> What you will do
Set down each entry exactly; omit images.

(Pictures with short captions)

--------------------------------------------------

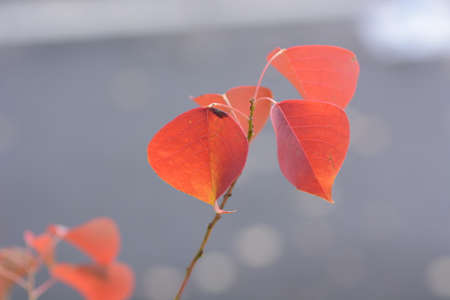 Chinese tallow tree fruits. The surface is covered with a white waxy substance and ripens black in autumn, producing three seeds.の写真素材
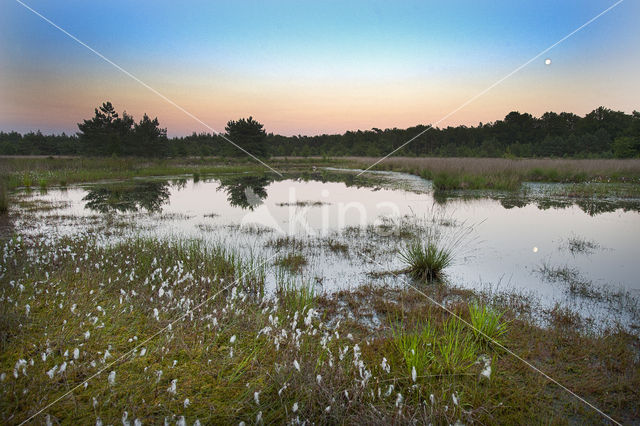 Common Cottongrass (Eriophorum angustifolium)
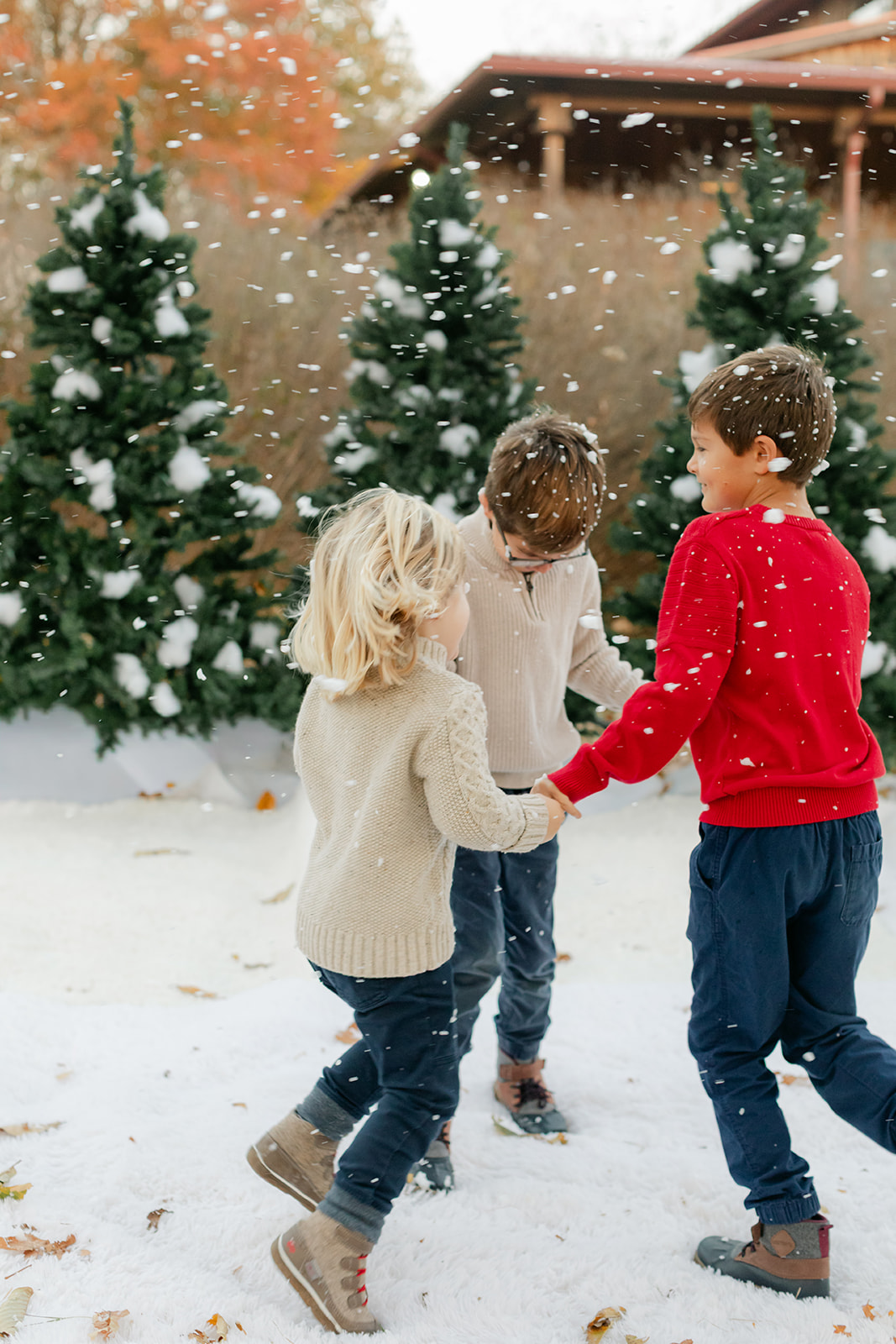 three siblings (boys. christmas photo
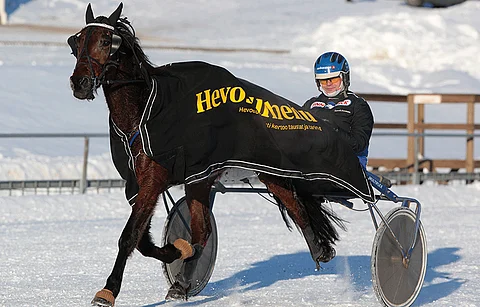 Samuli Innasen kuskaama Jack Vader voitti Hevosurheilu -lähdön Lappeessa.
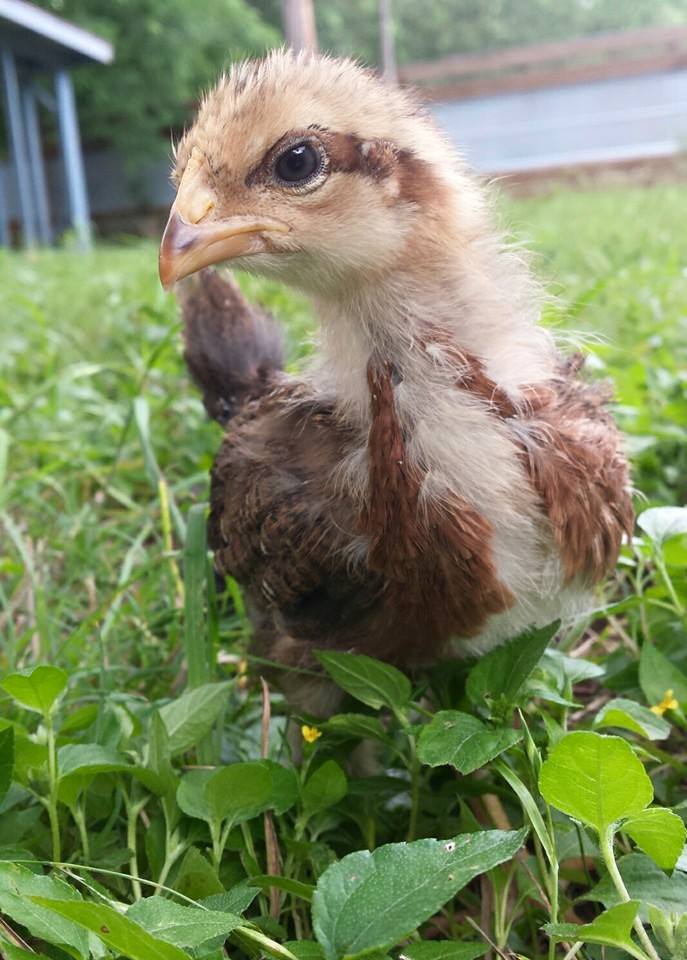 Our welsummer at a couple weeks now.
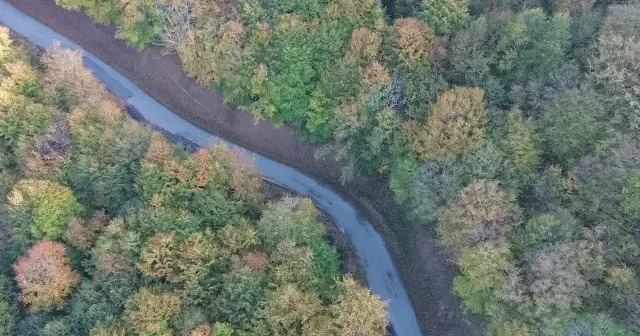 Yunt Dağı sonbaharın sarısına büründü: Manzara büyüledi VİDEO İZLE
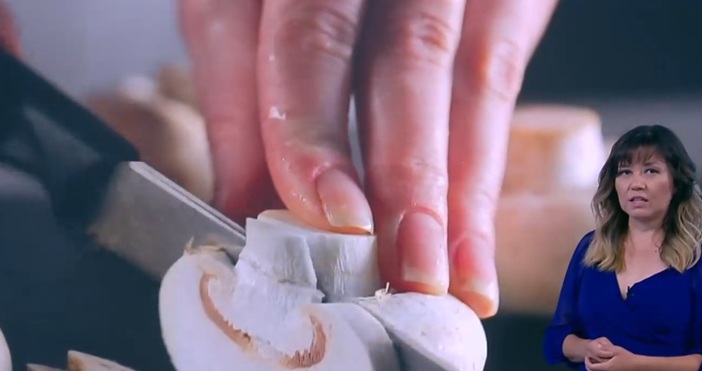 40 градусовите жеги ще продължат и през следващите дни Утре вече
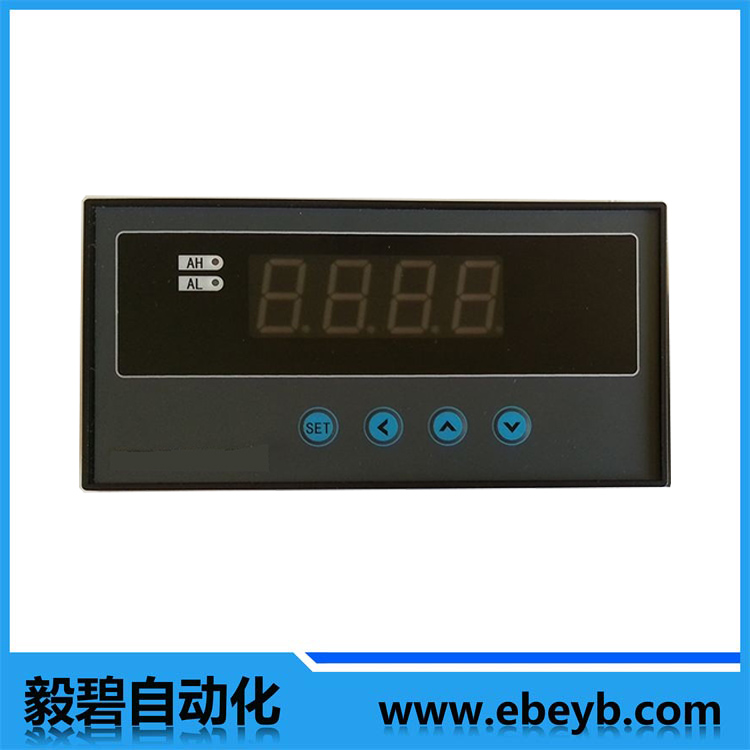 數字巡回檢測報警儀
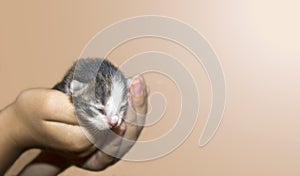 Cute newborn kitten is lying in the hands of a child. on a beige background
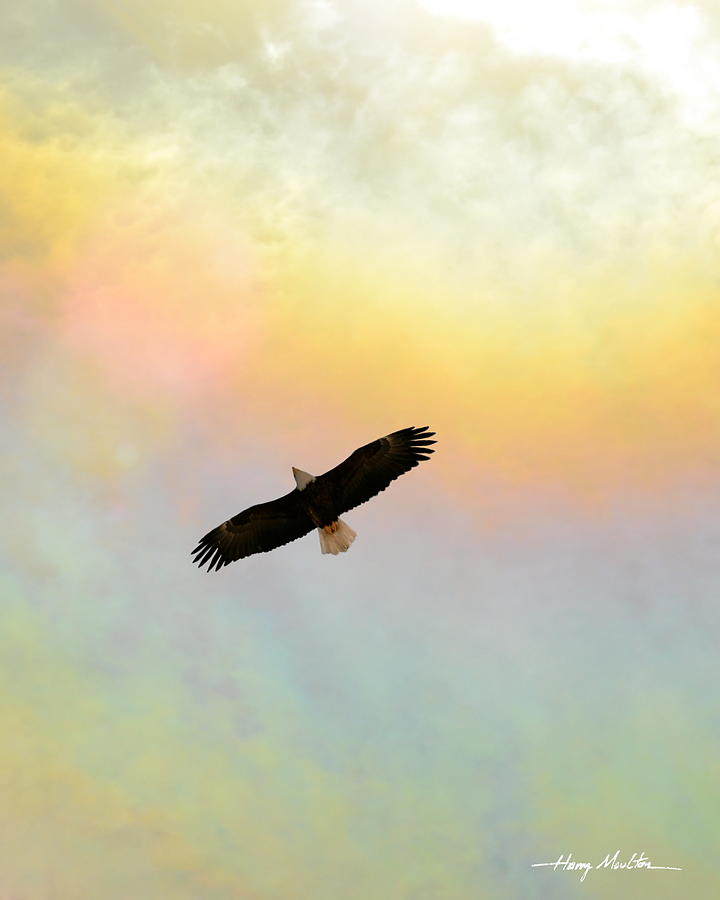 Eagle of the Fire Rainbow II Photograph by Harry Moulton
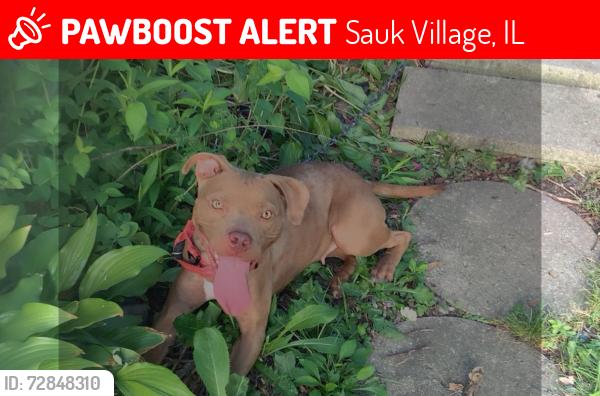 Lost Female Dog last seen Sauk Trail Road , Sauk Village, IL 60411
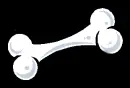 Bone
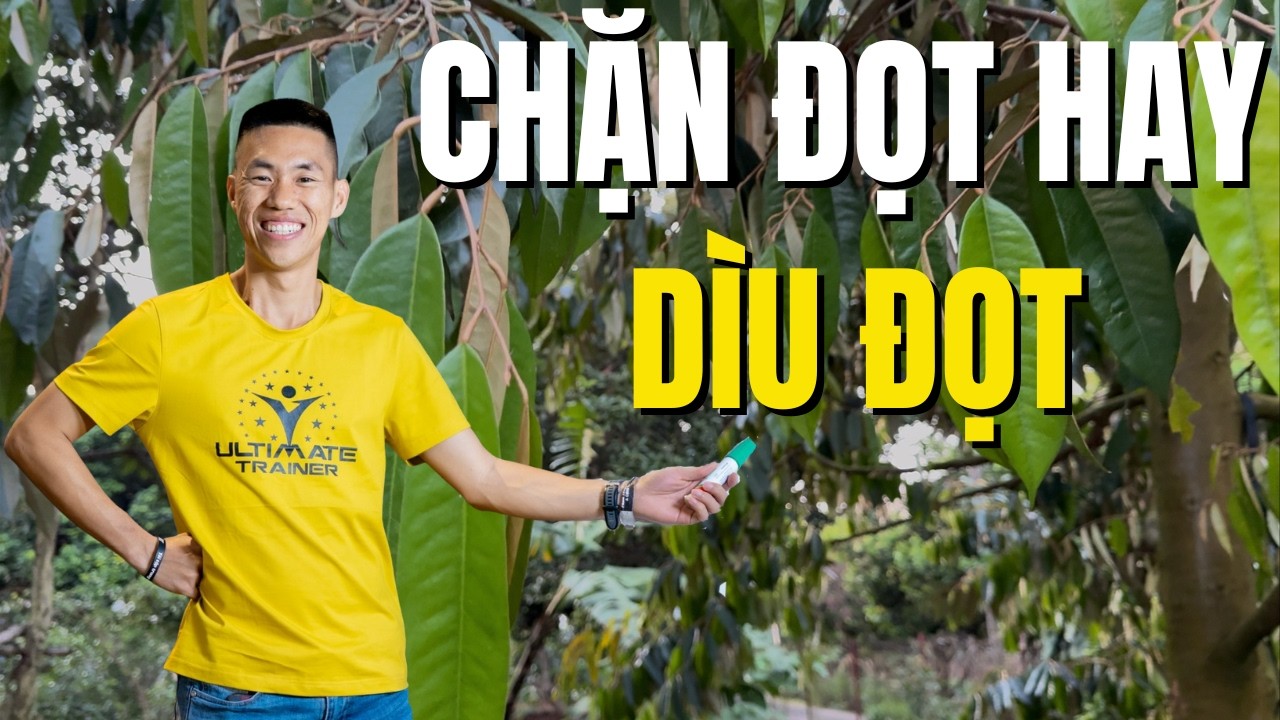 Tại sao chặn đọt sầu riêng bằng hóa chất nhưng 90% nhà vườn vẫn lao vào | Phạm Đức Thiện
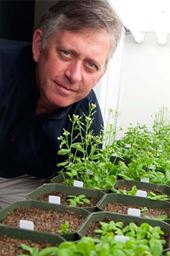 Purdue University&rsquo;s Clint Chapple shown with Arabidopsis plants in cultivation.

--------------------------------------------------

> Solved problem
 Chinese tallow tree fruits. The surface is covered with a white waxy substance and ripens black in autumn, producing three seeds.の写真素材
 Common Cottongrass (Eriophorum angustifolium)
 three siblings (boys. christmas photo
 Samuli Innasen kuskaama Jack Vader voitti Hevosurheilu -lähdön Lappeessa.
 Our welsummer at a couple weeks now.
 Yunt Dağı sonbaharın sarısına büründü: Manzara büyüledi VİDEO İZLE
 40 градусовите жеги ще продължат и през следващите дни Утре вече
 數字巡回檢測報警儀
 Cute newborn kitten is lying in the hands of a child. on a beige background
 Eagle of the Fire Rainbow II Photograph by Harry Moulton
 Lost Female Dog last seen Sauk Trail Road , Sauk Village, IL 60411
 Bone
 Tại sao chặn đọt sầu riêng bằng hóa chất nhưng 90% nhà vườn vẫn lao vào | Phạm Đức Thiện
 Purdue University&rsquo;s Clint Chapple shown with Arabidopsis plants in cultivation.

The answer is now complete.